Aqueles recortes de imagens ruins que aparecem repentinamente e te assombram. Você tenta fugir, esquecer, fica angustiado, se encolhe, baixa a cabeça, espreme os olhos, mas nada adianta. Arruma outra coisa para fazer, se ocupa em lavar a louça, assistir televisão, escutar música. Na hora funciona, mas na verdade o sentimento desaparece apenas por um tempo.
Hoje me lembrei de Cristiano e Edgar, aqueles dois moleques sujos e da professora de alemão que me perseguiu incansavelmente por causa de uma besteira que falei.
O nome, se não me engano era Lindenberg, em Pomerode, “Frau” Lindenberg. Mulher do pastor, rígida e implacável, adepta da “pedagogia do ditado”, pois era a única coisa que fazia durante as aulas. Se a palavra estivesse errada, a punição era escrevê-la, na hora do pátio, cem, duzentas, ou trezentas vezes.

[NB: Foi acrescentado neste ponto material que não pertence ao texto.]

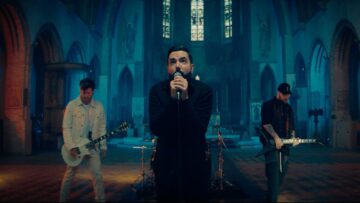 A Day To Remember – Miracle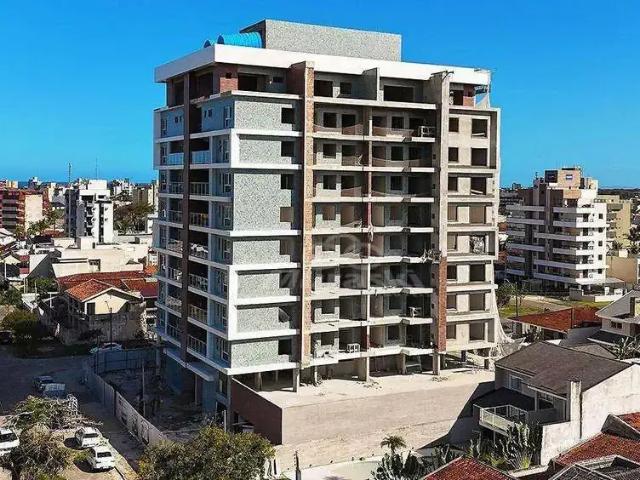 Apartamento para Venda em Guaratuba/PR Centro 2 Quartos
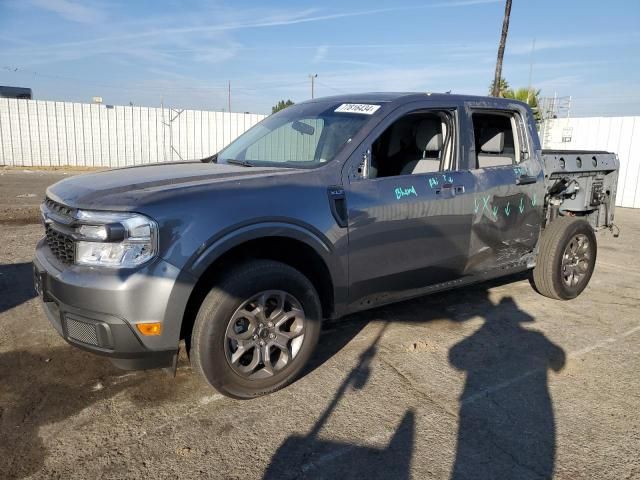 2023 Ford Maverick XL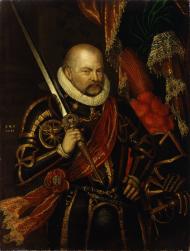 August von Sachsen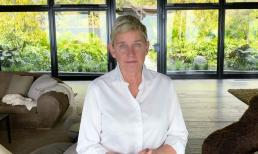 MC quyền lực nước Mỹ - Ellen DeGeneres nhiễm Covid-19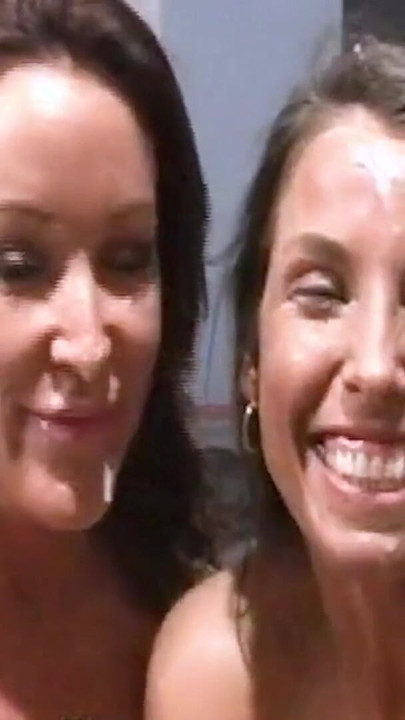 Memorable moment from "MILF327 - You Are What You Eat boy"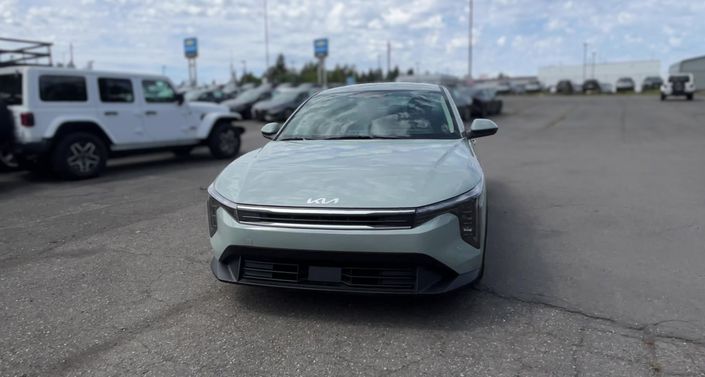 Thumbnail: 2025 Kia K4 - 1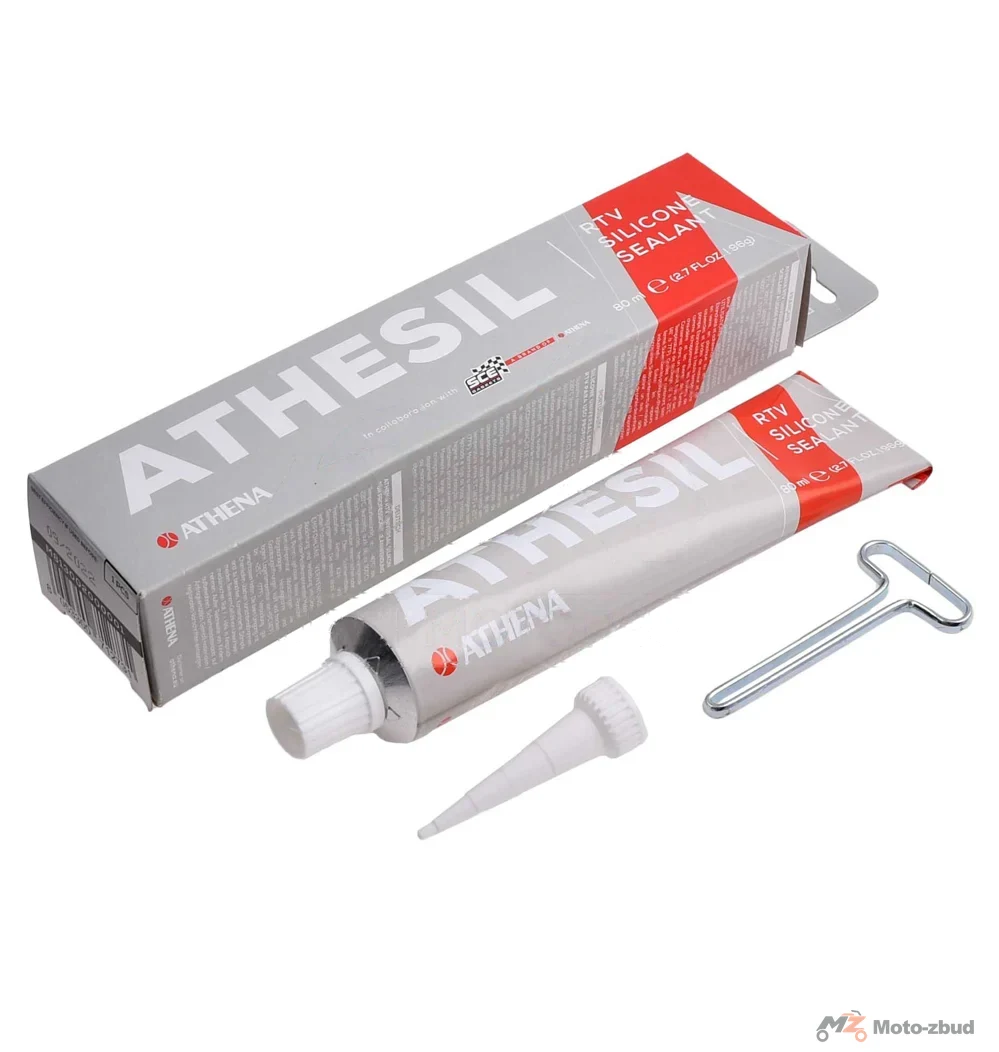 Silikon athesil 220°c 80 ml Athena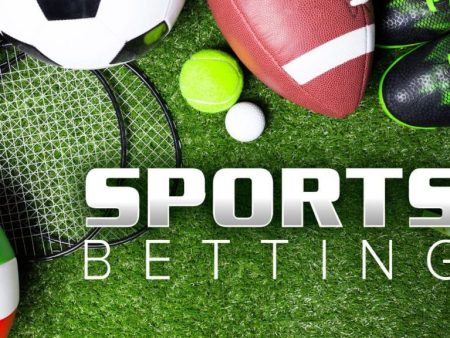 Unleash Your Winning Streak: Mastering Sports Betting Tips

Eu era um dos poucos que não falava o alemão em casa e sofria com isso. Quase toda quinta-feira ficava sem brincar, reproduzindo palavras e expressões que não compreendia.
Teve uma vez em que me esqueci de responder uma questão da lição de casa. Quando a “Frau” chamou meu nome, entrei em pânico. Olhei rapidamente para o lado e sussurrei um pedido de ajuda para Cristiano e Edgar. Eles jogaram um pequeno pedaço de papel, com uma frase em alemão, na minha carteira. Eu levantei e li o que estava escrito. Quando terminei, o grupo caiu na gargalhada. A professora emudeceu, ficou vermelha e saiu da sala correndo. Só então percebi que tinha feito uma grande besteira. Desesperado, perguntei para alguém o que era aquilo que eu havia lido.
– Grande puta! Uma menina respondeu.
Imagine falar isso para a mulher do pastor de uma pequena e “coercitiva” cidade? Comecei a chorar temendo o pior. De repente, na minha frente, o diretor. Não agüentei o soluço, pedi desculpas, mas ele me agarrou e me puxou pelo braço. Tentei me defender, explicar a sacanagem daqueles idiotas, mas estava sendo arrastando, como um criminoso. Percebi que jamais alguém me ouviria naquele lugar.
Naquela pequena sala, cheia de livros e móveis escuros, sentei e me calei diante de pessoas que me olharam com desprezo e me humilharam em língua estrangeira, balançando a cabeça negativamente e sentenciando… “das wird nichts”, ou seja, “nunca vai dar nada”.